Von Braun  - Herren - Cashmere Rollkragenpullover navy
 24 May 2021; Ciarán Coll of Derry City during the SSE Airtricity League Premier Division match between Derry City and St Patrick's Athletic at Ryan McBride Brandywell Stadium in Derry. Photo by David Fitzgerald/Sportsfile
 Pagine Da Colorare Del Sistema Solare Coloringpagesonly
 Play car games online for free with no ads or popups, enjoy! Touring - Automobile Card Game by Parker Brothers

■ Task statement: Every line above needs to be retyped exactly.

■ Written response:
Von Braun  - Herren - Cashmere Rollkragenpullover navy
 24 May 2021; Ciarán Coll of Derry City during the SSE Airtricity League Premier Division match between Derry City and St Patrick's Athletic at Ryan McBride Brandywell Stadium in Derry. Photo by David Fitzgerald/Sportsfile
 Pagine Da Colorare Del Sistema Solare Coloringpagesonly
 Play car games online for free with no ads or popups, enjoy! Touring - Automobile Card Game by Parker Brothers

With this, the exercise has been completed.